Common side effects include:
- Nausea, vomiting, and abdominal discomfort
- Tremor and drowsiness
- Hair thinning (alopecia)
- Weight gain
- Dizziness and cognitive fogginess
Serious risks to monitor:
- Thrombocytopenia: The frequency of adverse effects, particularly elevated liver enzymes and thrombocytopenia, may be dose-related. A drop in platelets raises bleeding risk, which is a concern when patients are also receiving temozolomide, which affects bone marrow independently.
- Liver toxicity: Common short-term reactions include gastrointestinal, neurologic, and hematologic adverse effects such as thrombocytopenia, while more severe but less frequent reactions can include hepatotoxicity leading to liver failure. Regular liver function monitoring is standard practice.

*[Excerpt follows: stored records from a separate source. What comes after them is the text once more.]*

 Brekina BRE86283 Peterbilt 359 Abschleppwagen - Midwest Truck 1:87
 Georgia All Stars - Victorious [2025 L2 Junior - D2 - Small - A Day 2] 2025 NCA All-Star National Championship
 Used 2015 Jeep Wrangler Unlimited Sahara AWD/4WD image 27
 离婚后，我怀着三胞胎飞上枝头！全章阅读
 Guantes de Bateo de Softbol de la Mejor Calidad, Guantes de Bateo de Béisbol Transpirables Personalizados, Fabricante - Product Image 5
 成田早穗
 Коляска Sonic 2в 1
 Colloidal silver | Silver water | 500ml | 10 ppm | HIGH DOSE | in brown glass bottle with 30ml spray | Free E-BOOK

- Hyperammonemia: Elevated ammonia in the blood can cause confusion or lethargy — symptoms that may be mistaken for tumor progression. Any new neurological change in a patient on VPA should prompt evaluation.
- Drug interactions: VPA can interact with temozolomide and other drugs commonly used in GBM care. Your pharmacist and oncology team should review your full medication list.

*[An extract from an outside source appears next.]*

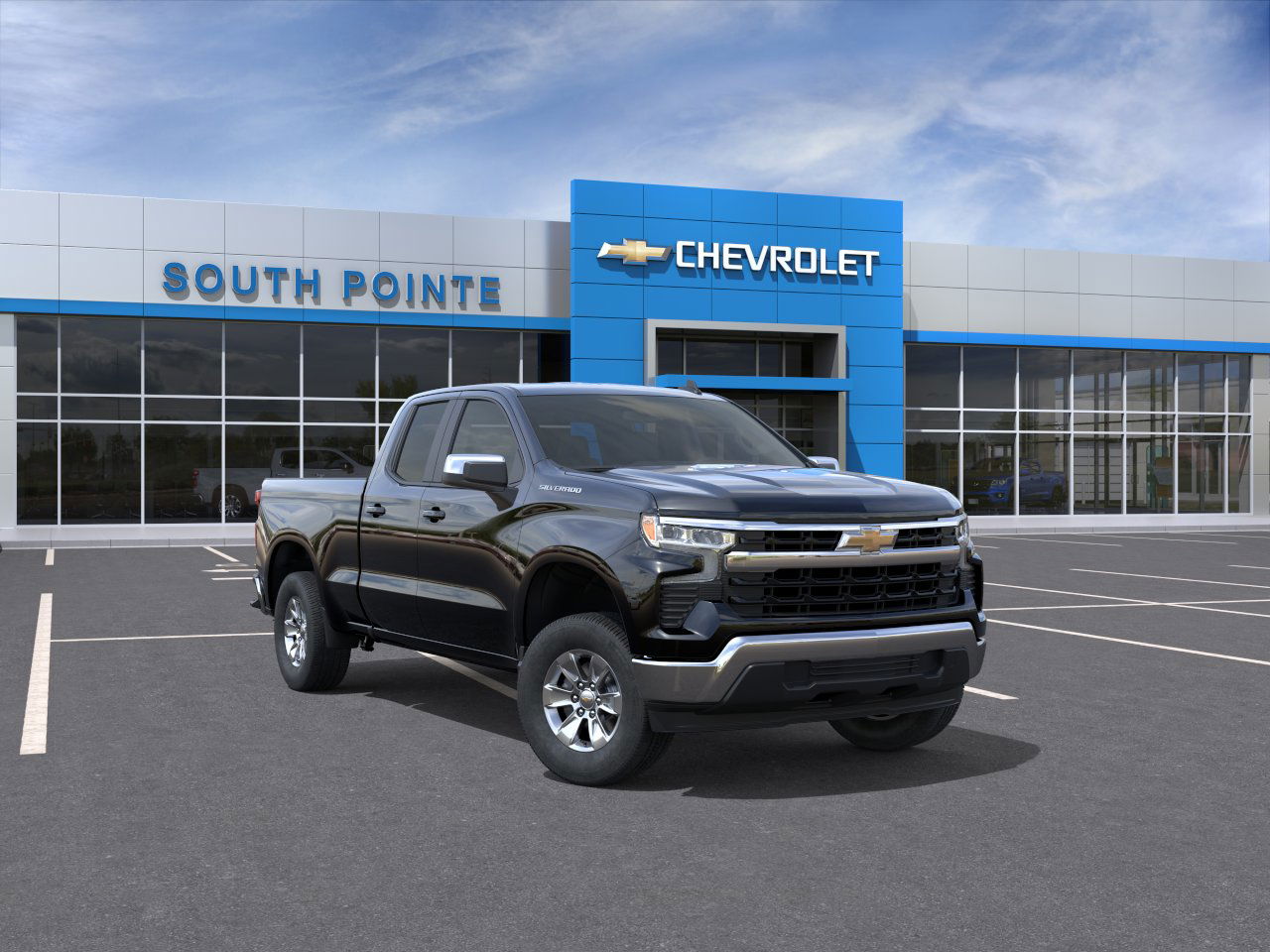 2026 Chevrolet Silverado 1500 LT - Photo 25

- Pregnancy: VPA carries a black box FDA warning for fetal harm, including neural tube defects and lower IQ in children exposed before birth. Women of childbearing potential must discuss this risk carefully with their care team.

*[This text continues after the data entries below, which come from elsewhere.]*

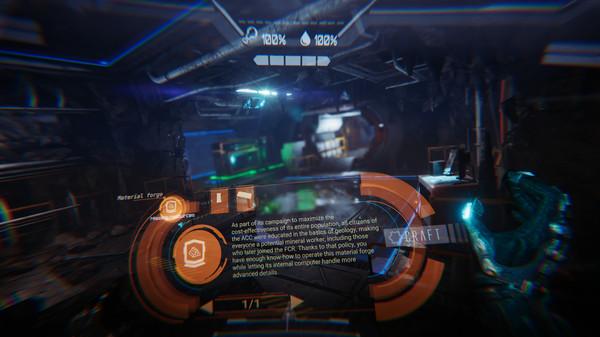 Seeking Dawn Screenshot #2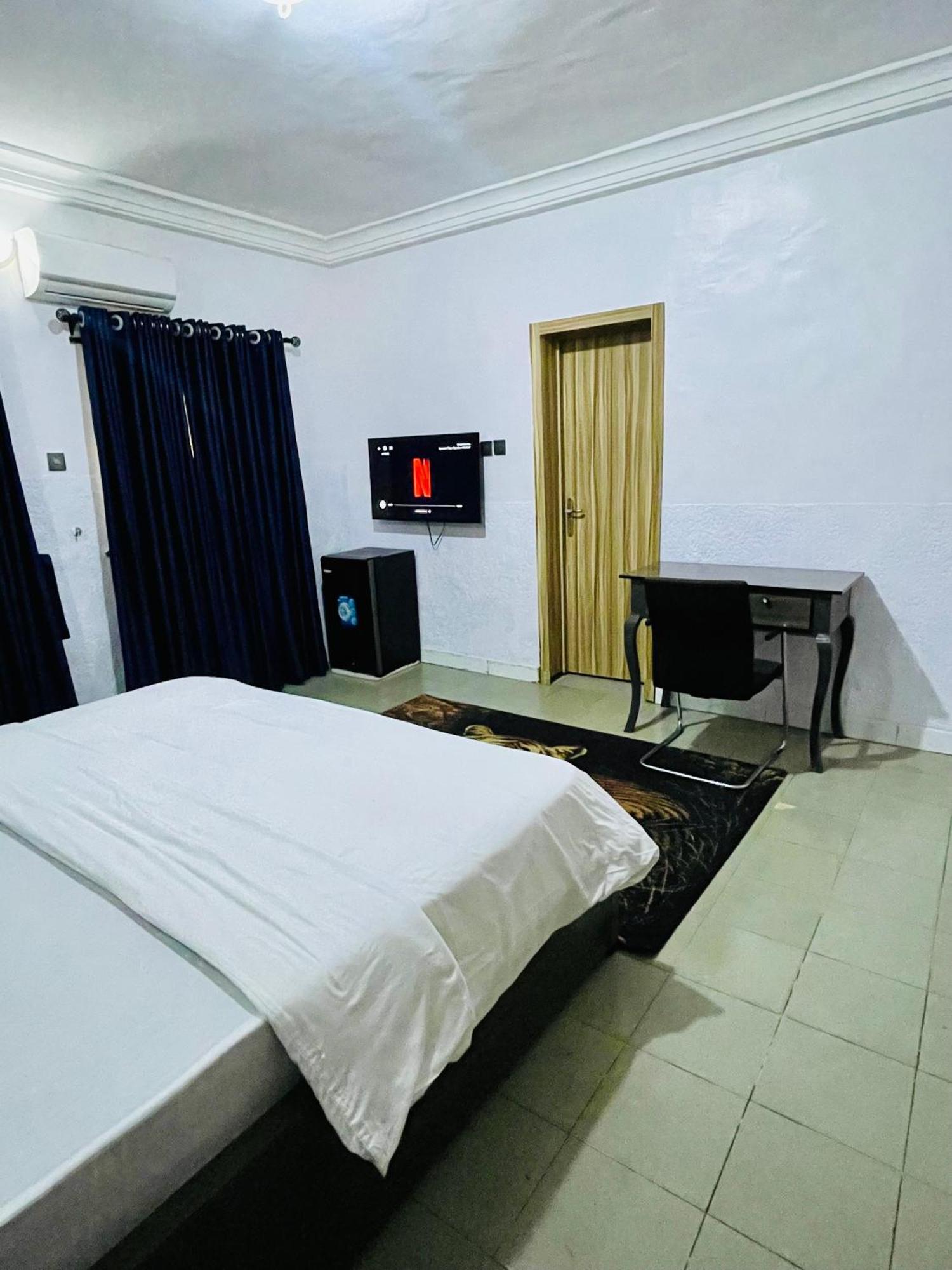 Weena Hotel & Resort Lagos Exteriér fotografie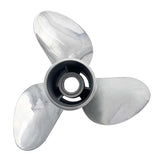 PolaStorm Qualifies for Free Shipping PolaStorm 14 x 17 Stainless 3-Blade RH Prop #4289-3140-17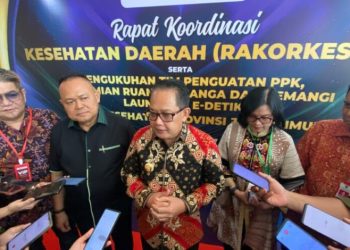 Dinkes Jatim Prioritaskan Penanganan TBC dan Stunting dalam Rapat Koordinasi Kesehatan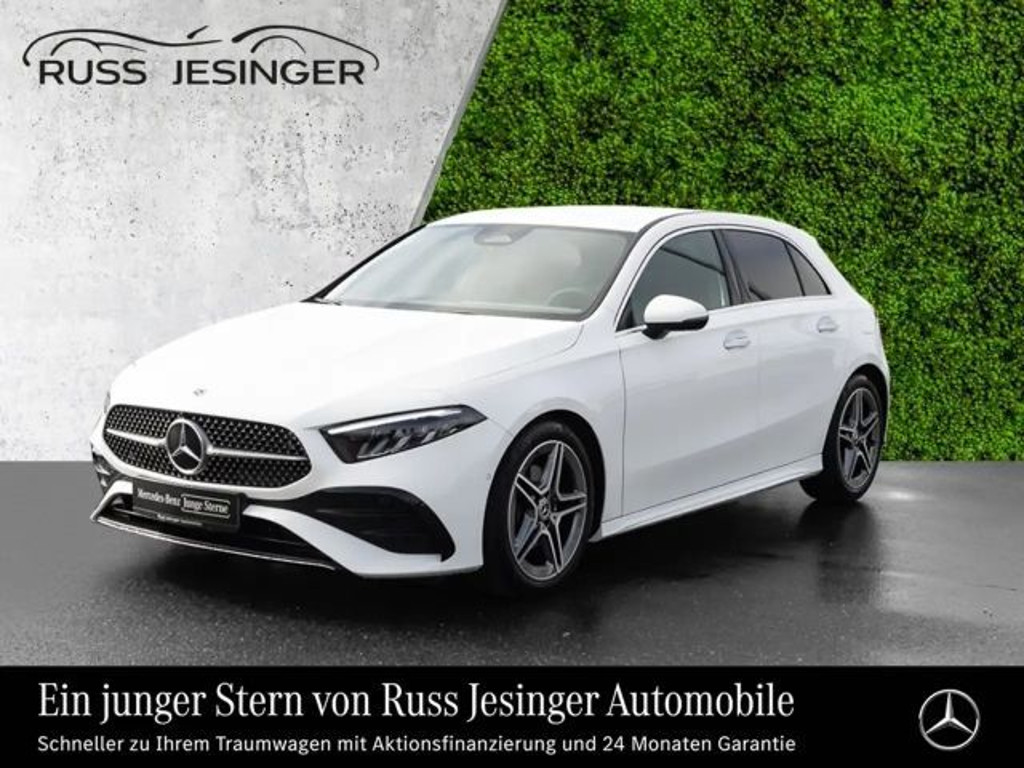 Mercedes-Benz A-Klasse A 200 AMG Line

A Phase II trial follow-up at the NCI reported a favorable safety picture in long-term survivors, noting that the addition of VPA to concurrent RT/TMZ was well tolerated with little late toxicity, with most adverse events being grade 1 or 2. There were only two grade 3/4 toxicities in long-term survivors. Still, this was a small, selected cohort and does not represent all patients.
Where Does VPA Fit in an Integrative Oncology Strategy?
VPA is a pharmaceutical agent with measurable biological activity and real risks — not a supplement or lifestyle intervention. For patients already prescribed VPA for seizure control, the relevant question is whether its potential anti-tumor properties offer an added benefit. For patients not yet on VPA who are thinking about asking, the decision involves weighing seizure risk, drug interactions, side effect tolerance, and molecular profile.
Patients interested in integrative oncology strategies may also want to explore complementary evidence-based approaches alongside standard treatment. Our overview of integrative treatments for glioblastoma covers a range of approaches — from the ketogenic diet to hyperbaric oxygen to curcumin — studied as adjuncts to standard care. None of these replace surgery, radiation, and chemotherapy; they are investigated as additions to that foundation.
If clinical trials interest you, an active trial evaluating VPA combined with other repurposed agents in recurrent high-grade glioma exists (NCT01817751). Ask your neuro-oncologist whether you or your loved one might be eligible, or search ClinicalTrials.gov for currently enrolling studies.
When to Talk to Your Doctor
Bring up valproic acid with your neuro-oncologist if:
- You already have seizures and are deciding between anti-seizure medications
- You want to know whether your MGMT methylation status or IDH mutation status affects VPA's potential relevance for you
- You are interested in drug repurposing as part of a broader integrative strategy and want evidence-based guidance
- You are already on VPA and want to know whether it should stay in your regimen during and after chemoradiation
- You develop new symptoms — confusion, unusual fatigue, easy bruising, or yellowing of the skin — while taking VPA
Do not start, stop, or adjust VPA on your own. Changes to anti-seizure medications require careful medical supervision, including blood monitoring and coordination with your full oncology team.
This article is for general information and is not a substitute for medical advice. Always consult your oncologist or care team about your specific situation.